Bangladesh's Supreme Court today rejected former prime minister Khaleda Zia's plea to stop the trial proceedings against her in a 2007 corruption case that reportedly caused the exchequer more than USD 120 million.
Bangladesh’s Supreme Court today rejected former prime minister Khaleda Zia’s plea to stop the trial proceedings against her in a 2007 corruption case that reportedly caused the exchequer more than USD 120 million. Zia, 72, has been accused of awarding a contract to Global Agro Trade Pvt Company Ltd (Gatco) for container management at inland depots in Dhaka and Chittagong during her tenure as the prime minister from 2001-2006. The Anti-Corruption Commission (ACC) alleges that the contract was awarded in violation of government rules and caused a loss of nearly USD 124 million to the country.
The opposition Bangladesh Nationalist Party (BNP) leader had pleaded the Supreme Court to stay the trial in the case in a lower court, but the apex court rejected her appeal. “Dismissed,” pronounced a four-member bench of the apex court’s Appellate Division headed by Chief Justice Surendra Kumar Sinha. The Anti-Corruption Commission (ACC) filed the graft case against Zia, her younger son Arafat Rahman, who died in 2015, and 11 others on September 2, 2007, saying the deal allegedly cost the exchequer over Tk 1,000 crore (USD 124 million). The two-time former prime minister has said that all the cases against her were politically motivated.

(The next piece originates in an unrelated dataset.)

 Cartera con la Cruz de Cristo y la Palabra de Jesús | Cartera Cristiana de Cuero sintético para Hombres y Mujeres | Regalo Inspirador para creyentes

Zia was arrested the same day. A year after her arrest, Zia secured a bail from the High Court. The case was filed during the army-backed emergency rules in 2007-2008. The High Court earlier in August 2015 dismissed the ex- premier’s plea seeking to nullify the Gatco case prompting her to seek the apex court intervention to overturn the judgement. The case is now pending before Dhaka’s Special Judges Court. Zia is also being tried in two other graft cases involving two charities named after her husband and BNP’s founder Ziaur Rahman.
She was prime minister from 1991-1996 and 2001-2006.